*** THE RECORDS ***
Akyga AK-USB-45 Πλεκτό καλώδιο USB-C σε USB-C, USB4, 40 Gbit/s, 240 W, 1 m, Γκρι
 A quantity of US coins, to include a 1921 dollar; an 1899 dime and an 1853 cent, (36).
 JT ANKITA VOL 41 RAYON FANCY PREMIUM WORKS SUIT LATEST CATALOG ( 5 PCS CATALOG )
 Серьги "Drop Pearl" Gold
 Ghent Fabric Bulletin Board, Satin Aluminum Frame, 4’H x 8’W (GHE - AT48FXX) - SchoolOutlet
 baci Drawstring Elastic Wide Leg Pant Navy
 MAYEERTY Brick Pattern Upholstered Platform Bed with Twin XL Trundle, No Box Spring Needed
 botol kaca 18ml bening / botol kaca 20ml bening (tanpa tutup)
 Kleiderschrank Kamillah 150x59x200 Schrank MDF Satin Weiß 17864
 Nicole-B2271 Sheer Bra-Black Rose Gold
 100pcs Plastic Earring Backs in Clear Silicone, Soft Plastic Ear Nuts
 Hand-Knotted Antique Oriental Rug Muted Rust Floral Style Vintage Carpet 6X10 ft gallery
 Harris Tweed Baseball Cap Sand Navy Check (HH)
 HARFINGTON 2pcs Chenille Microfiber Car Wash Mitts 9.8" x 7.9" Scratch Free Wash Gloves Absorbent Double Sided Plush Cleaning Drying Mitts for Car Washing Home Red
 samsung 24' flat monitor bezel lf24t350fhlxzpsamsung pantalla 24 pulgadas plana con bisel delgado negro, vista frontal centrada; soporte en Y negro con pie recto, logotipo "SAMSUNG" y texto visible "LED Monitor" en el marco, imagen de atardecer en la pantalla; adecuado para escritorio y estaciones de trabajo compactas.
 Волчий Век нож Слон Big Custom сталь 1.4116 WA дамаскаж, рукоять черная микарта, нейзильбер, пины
*** End of THE RECORDS ***
§ **WHAT TO PRODUCE**: Return the data in its entirety, exactly as given.

§ **EXERCISE RESPONSE**:
Akyga AK-USB-45 Πλεκτό καλώδιο USB-C σε USB-C, USB4, 40 Gbit/s, 240 W, 1 m, Γκρι
 A quantity of US coins, to include a 1921 dollar; an 1899 dime and an 1853 cent, (36).
 JT ANKITA VOL 41 RAYON FANCY PREMIUM WORKS SUIT LATEST CATALOG ( 5 PCS CATALOG )
 Серьги "Drop Pearl" Gold
 Ghent Fabric Bulletin Board, Satin Aluminum Frame, 4’H x 8’W (GHE - AT48FXX) - SchoolOutlet
 baci Drawstring Elastic Wide Leg Pant Navy
 MAYEERTY Brick Pattern Upholstered Platform Bed with Twin XL Trundle, No Box Spring Needed
 botol kaca 18ml bening / botol kaca 20ml bening (tanpa tutup)
 Kleiderschrank Kamillah 150x59x200 Schrank MDF Satin Weiß 17864
 Nicole-B2271 Sheer Bra-Black Rose Gold
 100pcs Plastic Earring Backs in Clear Silicone, Soft Plastic Ear Nuts
 Hand-Knotted Antique Oriental Rug Muted Rust Floral Style Vintage Carpet 6X10 ft gallery
 Harris Tweed Baseball Cap Sand Navy Check (HH)
 HARFINGTON 2pcs Chenille Microfiber Car Wash Mitts 9.8" x 7.9" Scratch Free Wash Gloves Absorbent Double Sided Plush Cleaning Drying Mitts for Car Washing Home Red
 samsung 24' flat monitor bezel lf24t350fhlxzpsamsung pantalla 24 pulgadas plana con bisel delgado negro, vista frontal centrada; soporte en Y negro con pie recto, logotipo "SAMSUNG" y texto visible "LED Monitor" en el marco, imagen de atardecer en la pantalla; adecuado para escritorio y estaciones de trabajo compactas.
 Волчий Век нож Слон Big Custom сталь 1.4116 WA дамаскаж, рукоять черная микарта, нейзильбер, пины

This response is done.